Hard Choices: How Oregon's Vaccine Lead Rolled Out the Doses

By Dave Northfield

When the Oregon Health Authority needed someone to lead the effort to distribute the COVID-19 vaccine across the state, they turned to Dave Baden. The OHA chief financial officer, Baden came to Oregon from the Centers for Disease Control, where he was deputy CFO and helped develop a $7 billion budget presented to Congress.

In managing the vaccine rollout, Baden oversees a program that has administered over four million doses. We spoke to Baden as Oregon moved closer to Governor Brown’s target of vaccinating 70 percent of those 18 and older.

What have been the biggest challenges for the rollout?
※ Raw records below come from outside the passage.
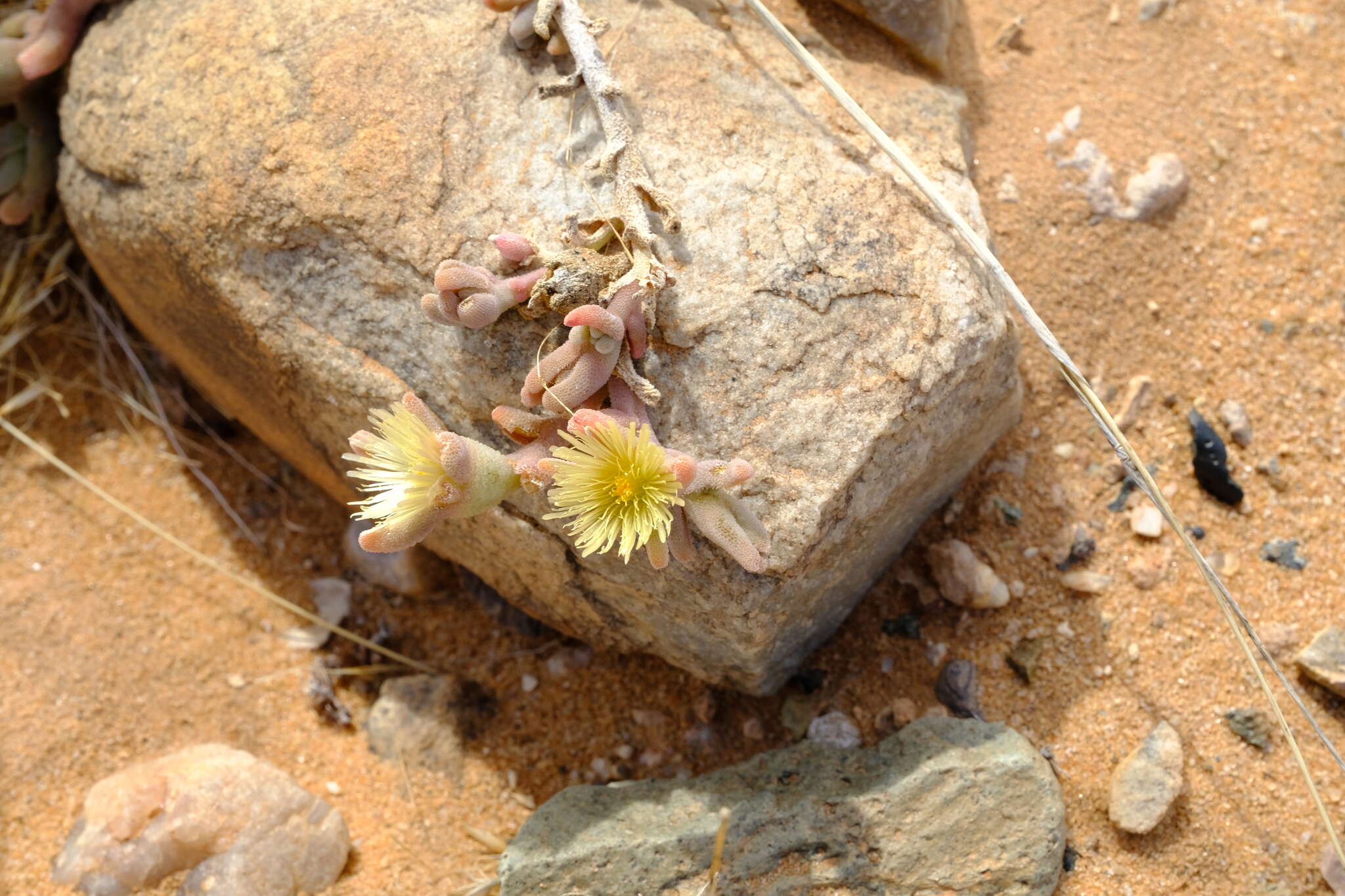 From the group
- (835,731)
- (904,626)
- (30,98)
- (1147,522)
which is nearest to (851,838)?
(835,731)

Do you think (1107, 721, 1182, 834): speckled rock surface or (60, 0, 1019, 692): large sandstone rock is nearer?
(60, 0, 1019, 692): large sandstone rock

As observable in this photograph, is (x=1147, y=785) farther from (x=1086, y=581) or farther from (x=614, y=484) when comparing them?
(x=614, y=484)

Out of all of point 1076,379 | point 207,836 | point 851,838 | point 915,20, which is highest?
point 915,20

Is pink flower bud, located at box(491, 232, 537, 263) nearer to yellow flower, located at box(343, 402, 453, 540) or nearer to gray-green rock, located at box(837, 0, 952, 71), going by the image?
yellow flower, located at box(343, 402, 453, 540)

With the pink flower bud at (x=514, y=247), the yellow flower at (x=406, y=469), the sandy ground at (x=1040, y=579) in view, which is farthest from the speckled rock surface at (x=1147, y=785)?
the pink flower bud at (x=514, y=247)

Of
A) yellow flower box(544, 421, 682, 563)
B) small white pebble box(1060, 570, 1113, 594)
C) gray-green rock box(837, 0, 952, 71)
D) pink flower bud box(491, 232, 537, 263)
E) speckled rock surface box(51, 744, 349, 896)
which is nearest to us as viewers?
yellow flower box(544, 421, 682, 563)

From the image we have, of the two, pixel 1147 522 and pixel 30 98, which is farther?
pixel 30 98

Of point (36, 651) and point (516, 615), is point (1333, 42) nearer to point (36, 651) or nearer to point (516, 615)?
point (516, 615)

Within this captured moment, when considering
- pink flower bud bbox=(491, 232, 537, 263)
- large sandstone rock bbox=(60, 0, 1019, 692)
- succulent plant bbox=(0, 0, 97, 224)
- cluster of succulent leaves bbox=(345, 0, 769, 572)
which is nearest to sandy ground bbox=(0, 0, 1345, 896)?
large sandstone rock bbox=(60, 0, 1019, 692) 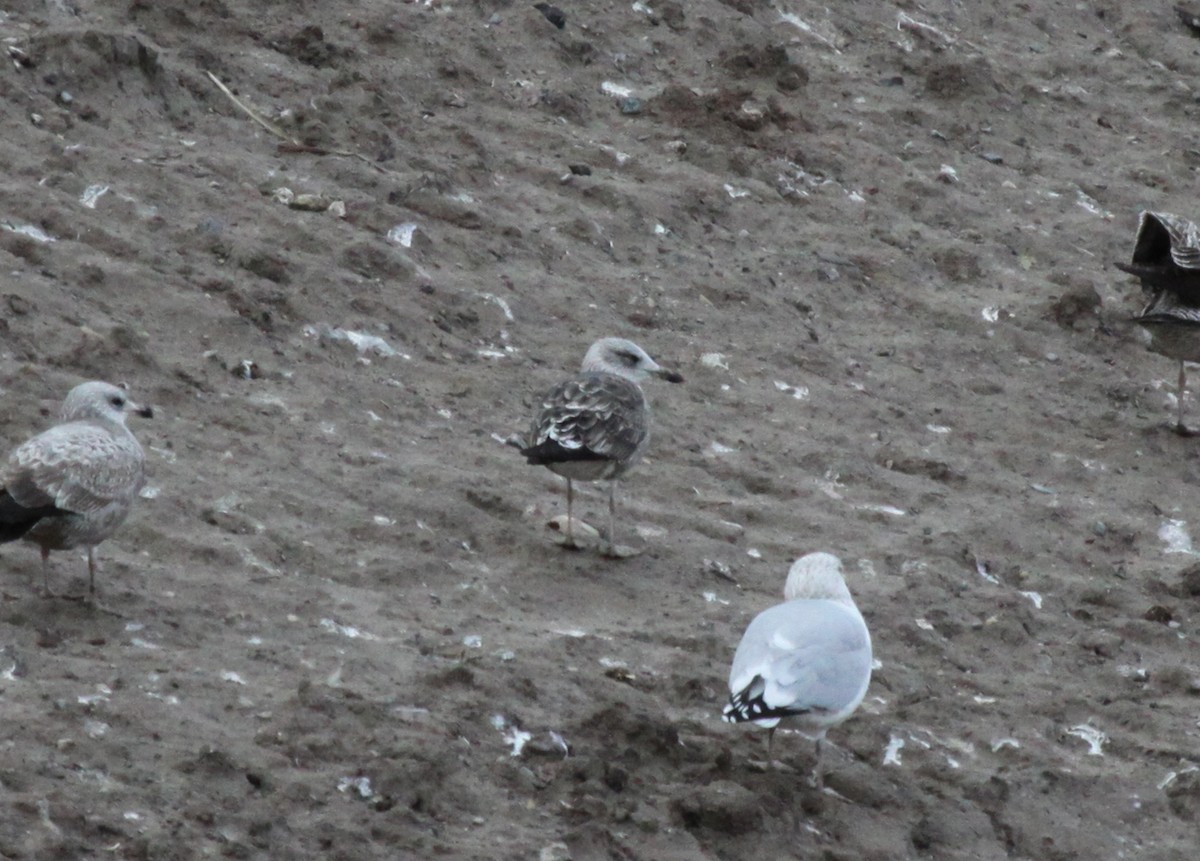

It’s amazing to think we are six months since the first vaccines have arrived into the state, and to the amazing feat of science and engineering to get to this point. As we all talked about how long it usually takes for a vaccine to be developed in the normal process, and the eggs it takes to develop a flu vaccine, and you can see the power of technology and the power of engineering and ingenuity to get the vaccines to this point, with a lot more money than normally gets put into developing a vaccine. The biggest challenges of the rollout probably have changed throughout the rollout, having a product that has extraordinarily high demand while supply is scarce is difficult to manage for all of us. And for our health care system partners, for the Oregon Health Authority, for those that wanted it, I would have loved to open up the full vaccine spigot on January 1st, we weren’t able to do that. We weren’t able to do that on February 1st, we haven’t been able to do that really until now (early June) where the supply and demand quotient has shifted. And that has been a really big challenge of the rollout. I think at the beginning, especially for our hospital partners that really stepped up, understanding the storage and the pharmacy and the administration of this product, of a two-dose vaccine, was underappreciated going into this. Having something that needed ultra-cold storage, how to turn that on a daily basis, that was not something a hospital normally deals with. I think just getting used to that was definitely a challenge in the rollout. And looking back at the last six months, I think the piece that we would have thought about and done differently and been better prepared for was a better equitable distribution of the vaccine that got to all Oregonians regardless of economic status, regardless of whether they were a Black or a Brown Oregonian, the impact of the pandemic on communities of color and where the pandemic raged most in Oregon and across the country were in those communities. And we did not do a good enough job to assure that there was access from the very beginning to those communities.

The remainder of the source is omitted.